▶ _LISTED ENTRIES_
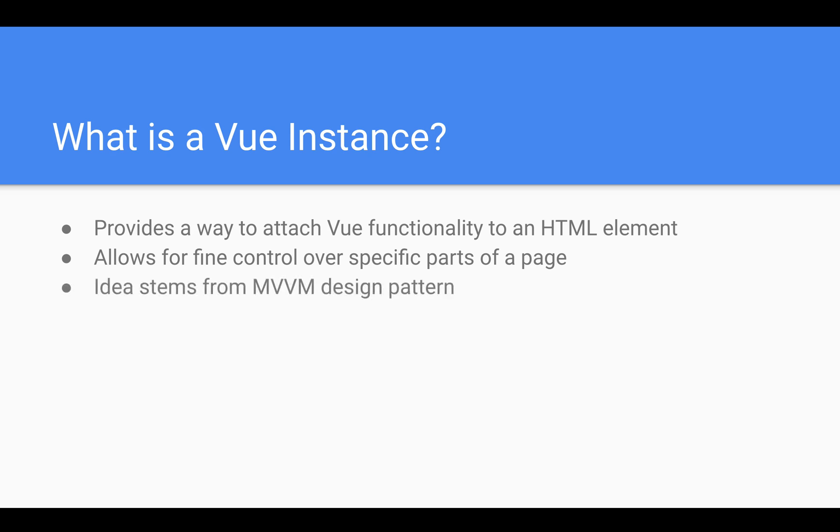So the idea here stems from the MVVM design pattern. If you have any familiarity with that, the model-view-view model design pattern brings an almost object-oriented approach to JavaScript programming.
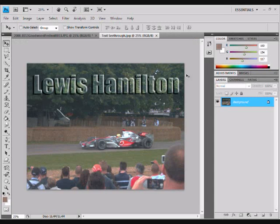Hi this is Liam and welcome to another Photoshop tutorial. Today we'll be creating a see-through text effect. It's quite a basic tutorial but you can get some quite good results.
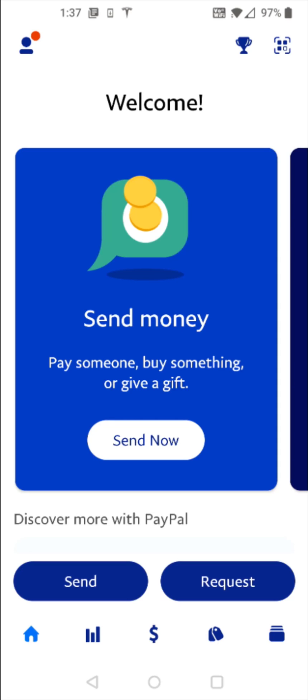So I hope this video was helpful walking you through the step-by-step process on how you get the PayPal app and create an account on your phone. I appreciate you guys stopping by, consider subscribing to the YouTube channel and I'll catch you back here next time.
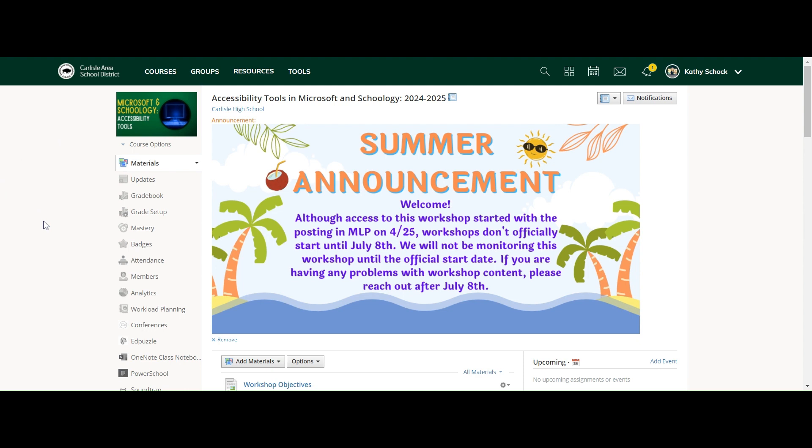Try that out, see what your course looks like, and see if you want to tweak anything based on how a student is seeing your course.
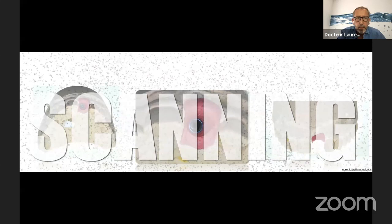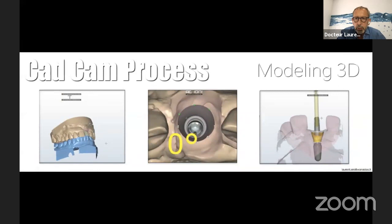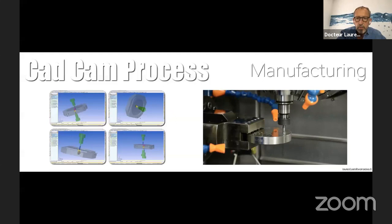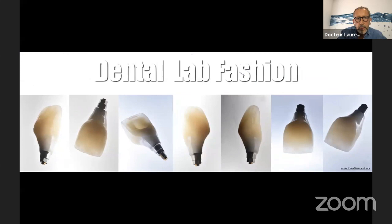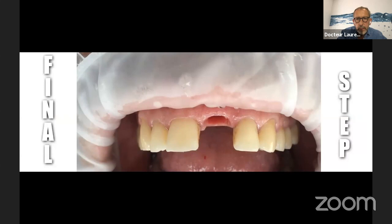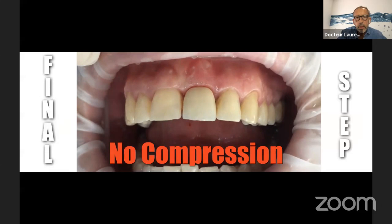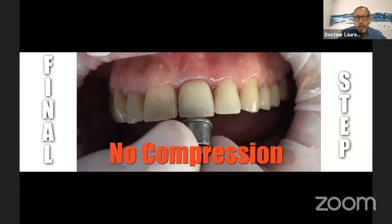After scanning, it's the CAD/CAM process — modeling of your emergence profile. You have to check with your dental technicians the perfect compression or not, as you want. Then it's time for manufacturing — and this is the dental lab finishing in ceramic. At the final step, I put the tooth and you can see we have no compression — the gingiva doesn't blanch. No compression, just screw, put the tooth, and screw. Now you can see the perfect integration of the tooth.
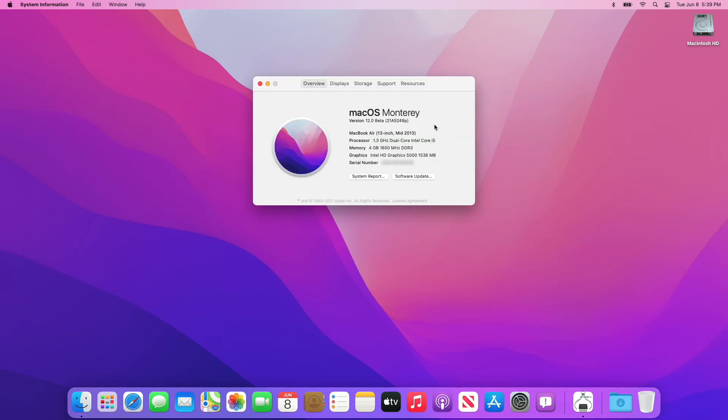We have successfully run macOS Monterey on an unsupported Mac. So that was it. Hope you guys enjoyed the video. If you have any questions, just comment down below. Thanks for watching, and don't forget to like, share, comment, and subscribe for more updates. Stay connected and have a great day.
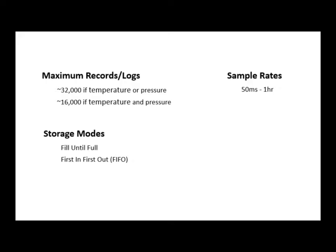The data can be stored in a fill until full mode, which stops recording once the maximum amount of measurements has been taken, or data can be stored in a first in first out mode, which allows the sensor to continually record data until stopped by a user, overriding the oldest measurement with a new one once the storage is full.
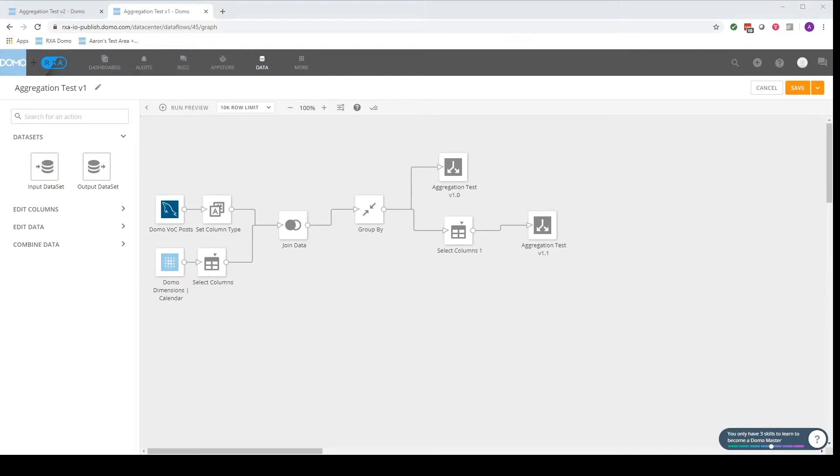Hello and thanks for clicking on this video and visiting our channel. My name is Aaron and this video is going to be about how to navigate this Magic ETL Dataflow window.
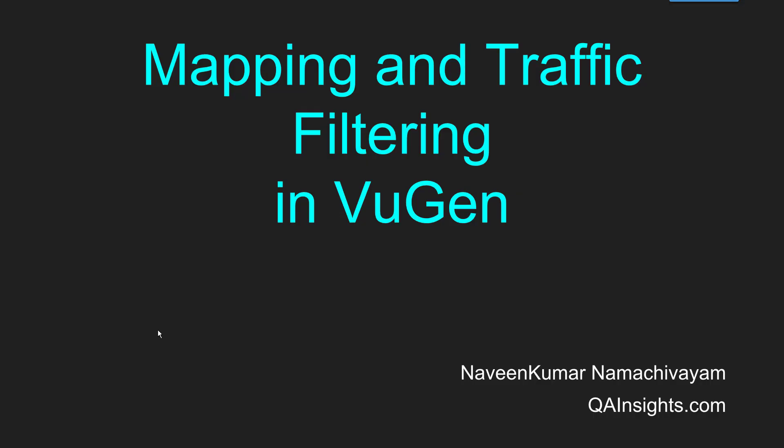Hi friends, welcome to another tutorial of LoadRunner series. In this video we are going to see about mapping and traffic filtering in VuGen.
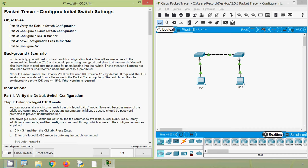In this activity, firstly we will verify the default switch configurations on both switches S1 and S2. Then we will configure a basic switch configuration like setting line passwords or configuring MOTD banner. Once the configuration is done, we will save the configuration file from RAM to NVRAM. We will secure access to the command line interface and console ports using encrypted and plain text passwords. We will also learn how to configure messages for users logging into the switch. These message banners are also used to warn unauthorized users that access is prohibited.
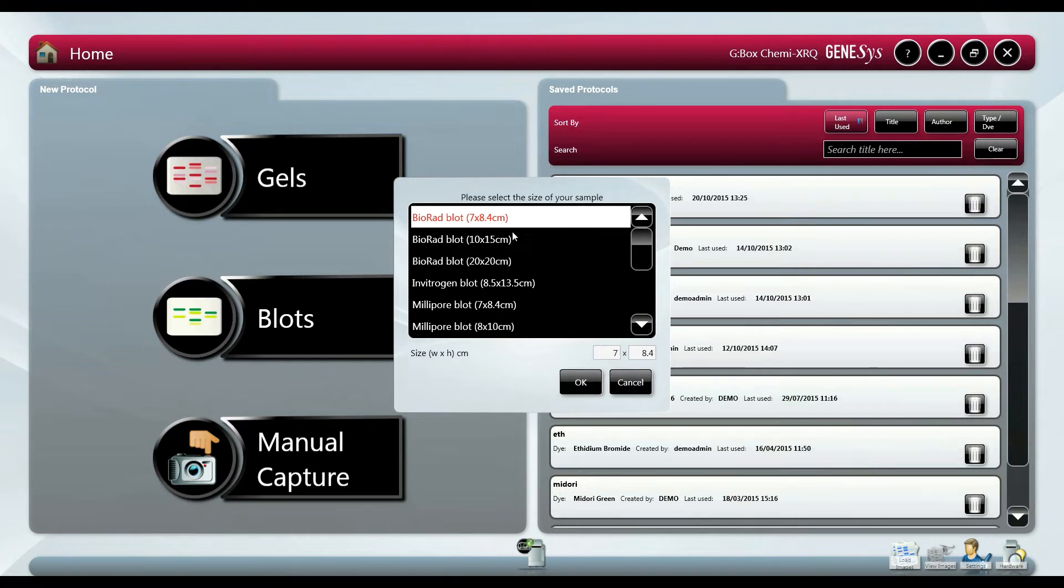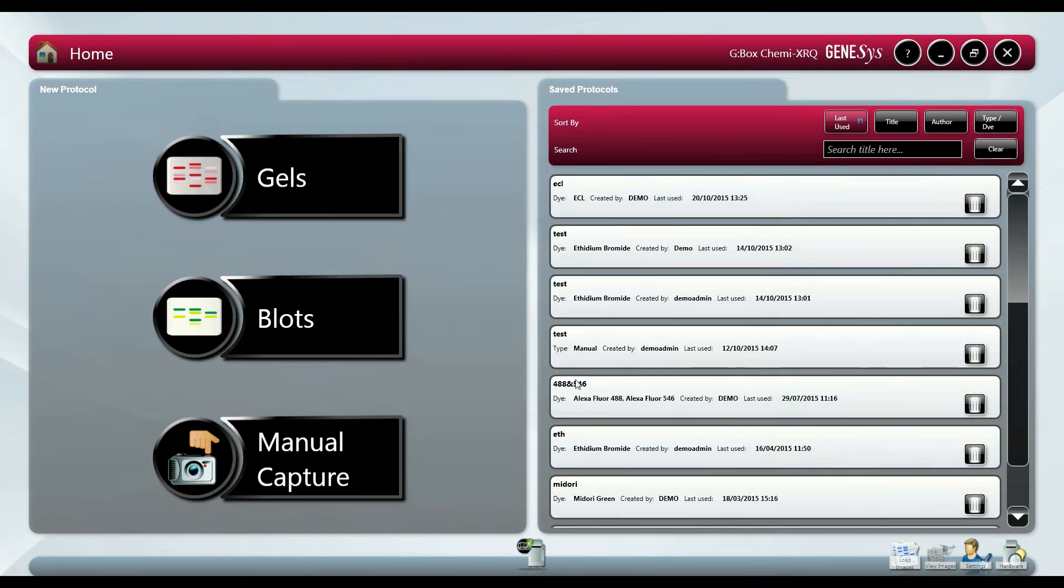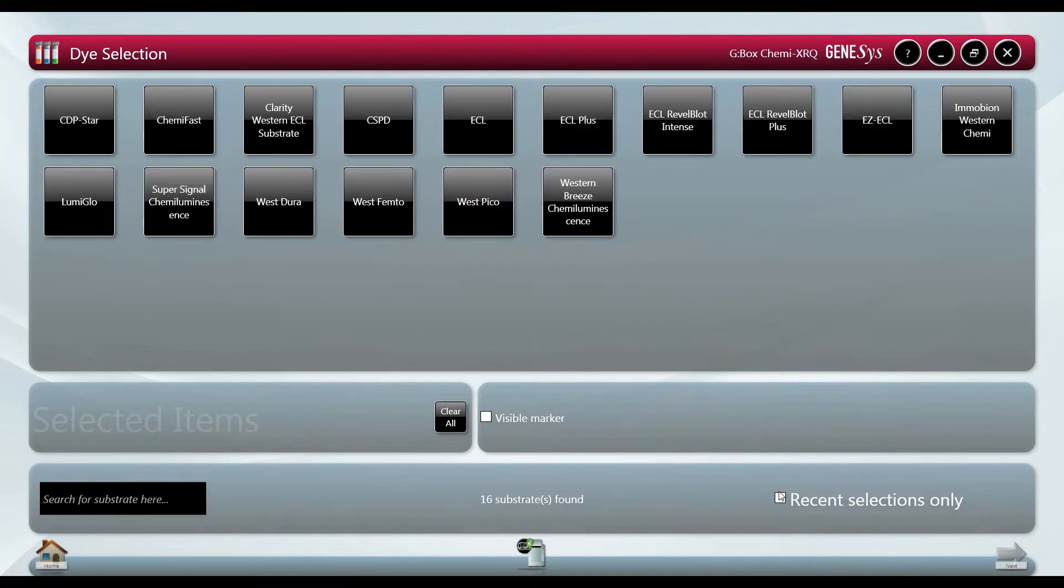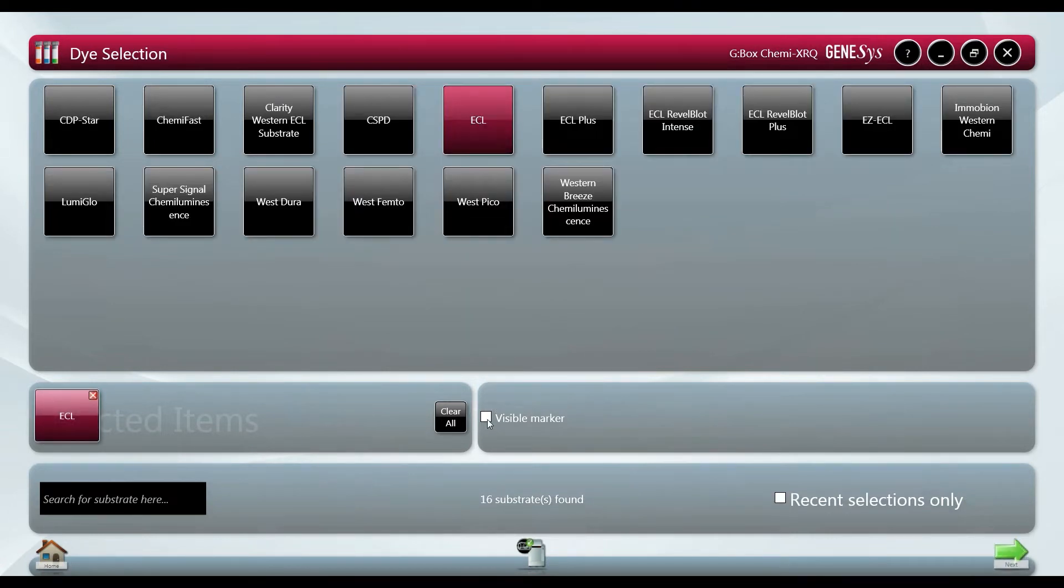We select the blot size to automatically zoom onto the sample for the best image resolution. The reagent used on the blots is then chosen so that when you refer back to the image later the protocol is saved.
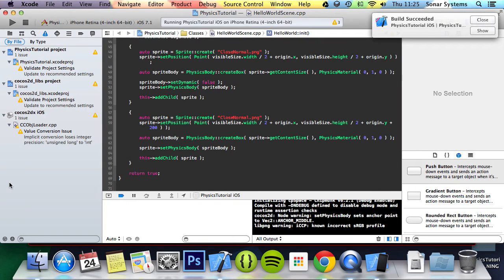That is it for static objects versus dynamic objects. In the next part of this series, we're going to look at collision detection. If you have any questions, feel free to message us at support@sonarsystems.co.uk — the email will be in the description. You can comment on this video or directly message us via YouTube. All the required links for the source code will also be in the description. Thank you for watching and I hope you have a great day.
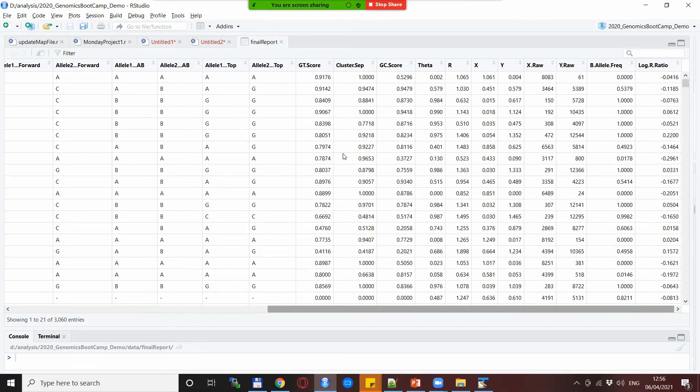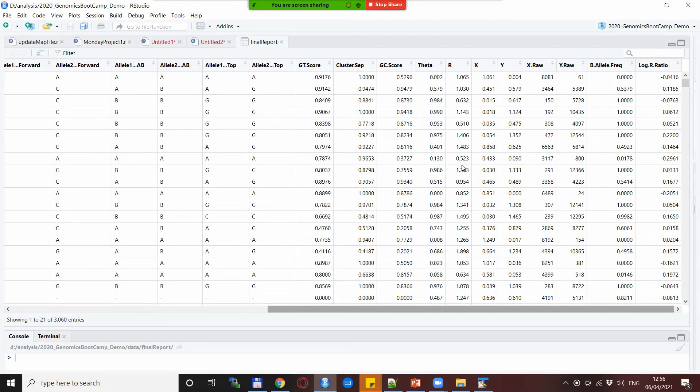The third thing I want to show you in this video are two other metrics that are also included in the final report and this is the so-called B allele frequency and the log R ratio. Now these are two very interesting statistics that allow you to analyze copy number variations from the SNP data.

▶ _PROBLEM DETAILS_
Take the lines from the start of the material to the line with "So I hope this", both included, and transcribe them exactly without the pictures.

▶ _RESPONSE BOX_
So the idea here stems from the MVVM design pattern. If you have any familiarity with that, the model-view-view model design pattern brings an almost object-oriented approach to JavaScript programming.
Hi this is Liam and welcome to another Photoshop tutorial. Today we'll be creating a see-through text effect. It's quite a basic tutorial but you can get some quite good results.
So I hope this video was helpful walking you through the step-by-step process on how you get the PayPal app and create an account on your phone. I appreciate you guys stopping by, consider subscribing to the YouTube channel and I'll catch you back here next time.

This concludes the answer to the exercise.